Researchers from several US institutions, coordinated by the Gladstone Institutes, have determined that a chance event of reorganization of large portions of the genome of human ancestors, which occurred more than a million years ago, triggered a cascade of rapid changes in DNA that would be the basis of unique human characteristics, such as the highly developed brain. The researchers analyzed stretches of DNA called ‘human accelerated regions’ (HARs), many of which control brain development. They found that HARs are almost identical among all humans but differ between humans and all other mammals. It is unknown why these sequences remained stable in mammals for millennia only to suddenly change in early humans.
The study of 241 mammalian genomes allowed us to conclude that HARs tend to be located in areas of the human genome that have large structural differences compared to other mammals. This suggests that human-specific structural changes may have created the right environment for HARs to rapidly evolve in the human ancestor after remaining roughly the same for millions of years of mammalian evolution.

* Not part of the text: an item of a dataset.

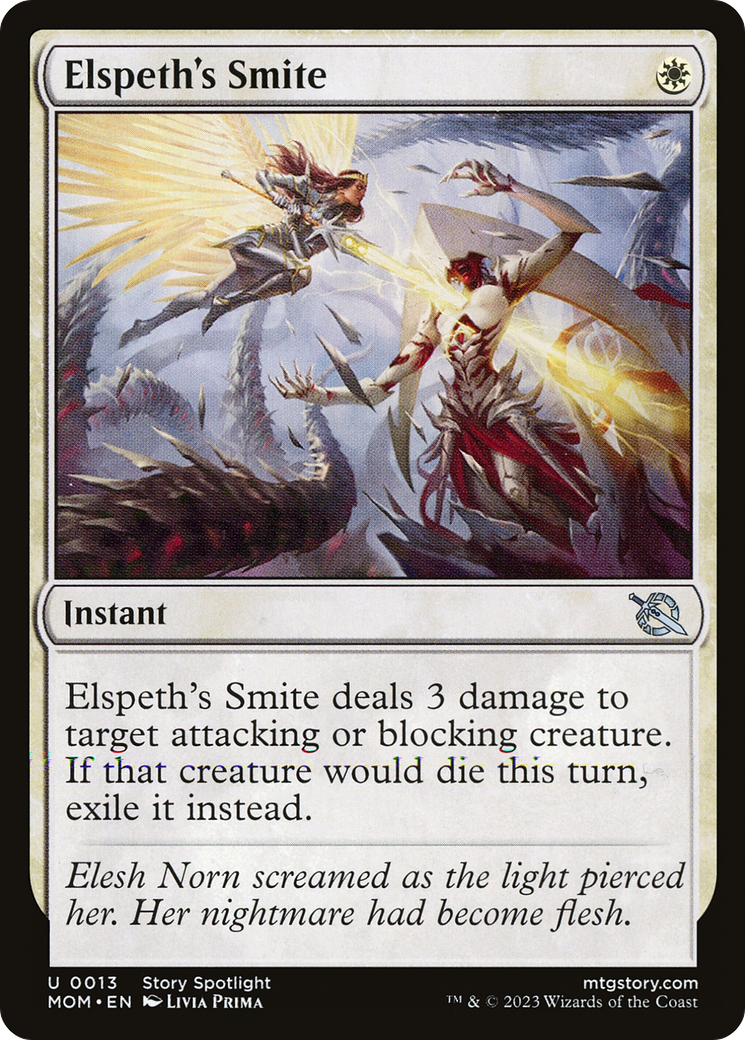 Elspeth's Smite (13) [March of the Machine] foil - Deck Out Gaming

Using a machine learning model to compare DNA sequences and identify regions of the genome that fold differently, the researchers predicted that nearly 30% of HARs were in areas of the genome that fold differently in humans compared to chimpanzees. This differential folding in humans brought different genes closer to the HARs, which could have drastic consequences for our ancestors.
The director of the Gladstone Institute for Data Science and Biotechnology, Katie Pollard, explained that the way the genome folds into three-dimensional space is particularly important for enhancers. This is because enhancers can affect the activity of any gene that ends up nearby, which can vary depending on how the DNA is folded. Pollard also highlighted that this structural change in the human genome had a significant impact on the evolution of the human brain.